After gargling, the patient used a disposable sampling swab to scrape the mucosa of the sidewall of the oral cavity and collected the exfoliated cells as the monitoring sample (noninvasive, more acceptable to the patient than blood sampling). Samples that were not immediately tested were stored at 2–8 °C for no more than 7 days. The specific detection method was as follows. First, 400 μl of L-sample extraction solution (CQ-ENH type, mainly composed of 0.74% ammonium chloride solution) was added to an oral pharyngeal swab tube, shaken and mixed well, allowed to stand for 1 minute, and then transferred to a 1.5 mL centrifuge tube. After L treatment, 1.0 μl of the sample solution was added to the reagent tube wall; the tube was centrifuged at 12000 r/min for 5 minutes and used for testing. Single-nucleotide polymorphism analysis was performed using PCR or fluorescence in situ hybridization. The PCR method was used to detect CYP2D6, and all other genotypes were detected using the in situ hybridization method. The in situ hybridization method was performed using a multichannel fluorescence quantitative analyser Fascan 48S (Shaanxi XZZ No. 20182400043) and a universal genetic testing reagent (Jinan Guangyin Medical Technology Co., Ltd.). Two independent Z-type probes were hybridized with the target sequence in series. The signal amplification precursor sequence binds to 28 bases in the upstream region of the double Z-type probe, causing a change in the three-dimensional configuration of the sequence, thereby amplifying the signal and ultimately outputting genotype detection results.

Statistical methods

SPSS 22.0 software was used for statistical analysis of data, and the Shapiro Wilk method was used for normality testing of measurement data. Measurement data that conformed to a normal distribution are represented by x ± s, and two independent sample t tests were used for intergroup comparisons. Count data are expressed in terms of examples and percentages or rates, and comparisons between groups were performed using χ2 inspection. The Hardy-Weinberg balance test and correlation analysis between gene polymorphisms and opioid-induced constipation were conducted using the SNPStats program (https://www.snpstats. net/snpstats/start. htm). The correlation analysis results were corrected using the Kolmogorov–Smirnov method. In correlation analysis, statistically significant gene loci and general data such as age, sex, medication dosage, and medication duration were used as variables. Multivariate logistic regression analysis was used to predict the occurrence of opioid-induced constipation. Receiver operating characteristic (ROC) curves were drawn to analyse the effectiveness of each factor in predicting opioid-induced constipation. Inspection level α = 0.05.

Results

Identified genes to be tested

Based on a comprehensive database search and evidence-based medical data, 4 target gene loci with strong correlations were identified, including CYP2D6 (008rs1065852), CYP3A5*3 (058rs776746), ABCB1 (062rs1045642), and OPRM1 (047rs1799971). Briefly, we describe the relevant conclusions of the study on the relationship between the above gene loci and adverse drug reactions to opioids and preliminarily determine the degree and grade of correlation with reference to the evidence of PharmGKB. See Table 1 for details.

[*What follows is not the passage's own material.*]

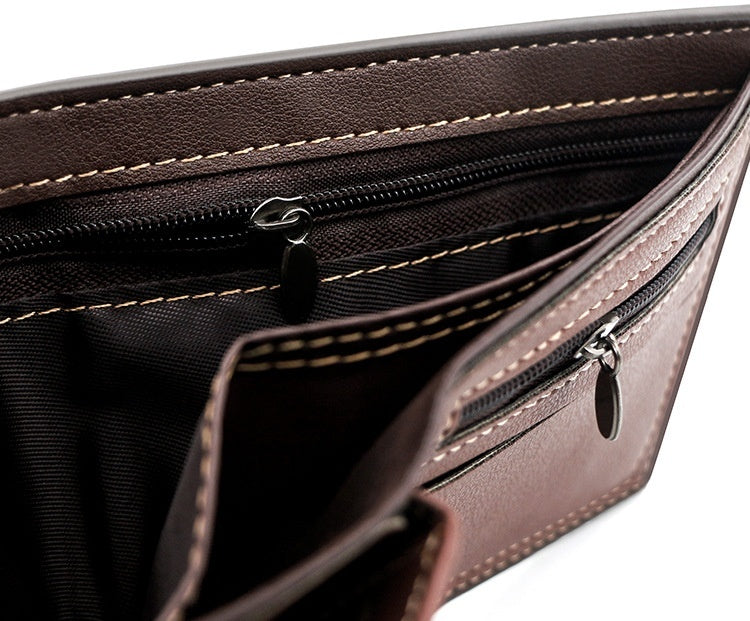 Portefeuille homme bifold avec coutures doubles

Table 1 Screening of candidate detection genotypes/SNPs

General information of patients

The study population was patients admitted to a tertiary hospital from January to December 2022. They were all cancer patients with pain who used opioid drugs (including oxycodone, morphine and codeine) for analgesia. Patients with adverse ADRs (specifically including 38 cases of constipation, 18 cases of nausea and vomiting, and 8 cases of chest tightness and suffocation) after use of drugs were used as the experimental group, and patients without ADRs were randomly selected as the control group, with 60 cases in each group for gene detection. There was no significant difference in age, height, body mass, daily dosage of drugs or duration of medication between the two groups (P > 0.05). See Table 2 for details.

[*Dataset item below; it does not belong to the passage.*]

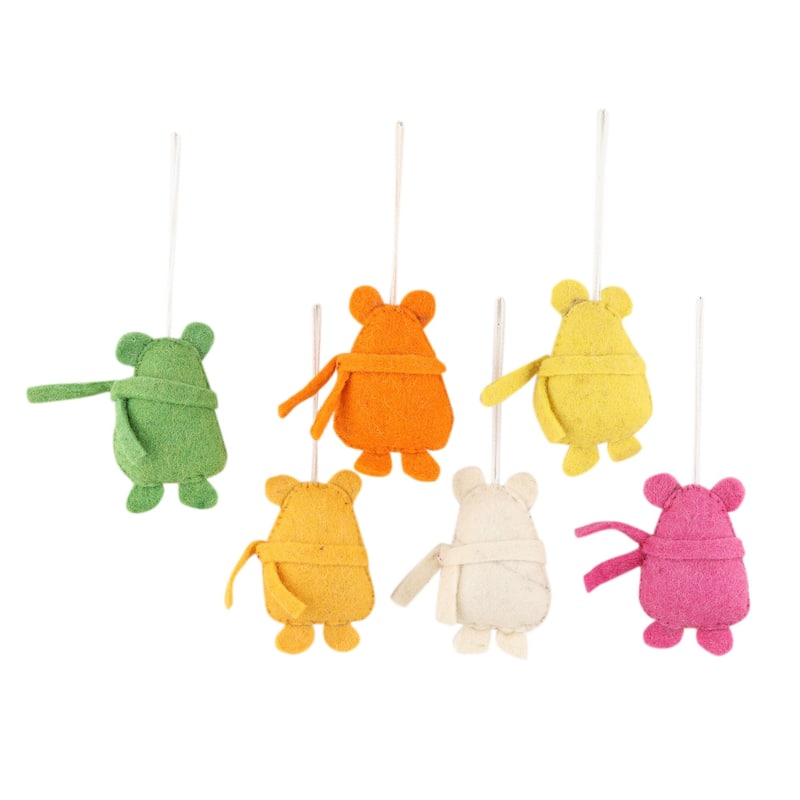 Novica Handmade Koala Christmas Wool Felt Ornaments (Set Of 6)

Table 2 Comparison of general patient data

Distribution of genotype frequency and allele frequency

The allele detection of four genes, CYP2D6 (008rs1065852), CYP3A5* 3 (058rs776746), ABCB1 (062rs1045642), and OPRM1 (047rs1799971), is shown in Table 3 and was consistent with Hardy-Weinberg equilibrium (P > 0.05). However, statistical analysis and comparison of genotype distribution between the experimental group and the control group showed no significant difference (P > 0.05).

Table 3 Genotype distribution of the study population

Correlation between genotype and ADRs caused by oxycodone

To further evaluate correlations for different drugs, a total of 32 patients with oxycodone (sustained-release tablets or sustained-release capsules) were statistically analysed separately from all 60 patients. First, SPSS 22.0 was used for differential analysis. The results showed that for ABCB1 (062rs1045642, C > T), significantly more patients with adverse drug reactions carried the CT and TT genotypes than CC genotype (P < 0.05, Table 4).

Table 4 Genotype distribution of patients using oxycodone

In addition, SNPStats (https://www.snpstats.net/snpstats/start.htm) was used for genetic model analysis. The correlation analysis results were corrected by the Kolmogorov–Smirnov method. The P value of each SNP was multiplied by the number of genetic markers analysed, and the corrected P < 0.05 indicated that the correlation between the site and adverse reactions was significant. The results also showed that the CT genotype and TT genotype with the T allele of ABCB1 (062rs1045642, C > T) correlated with the occurrence of adverse reactions after use of oxycodone. See Table 5 for the specific results.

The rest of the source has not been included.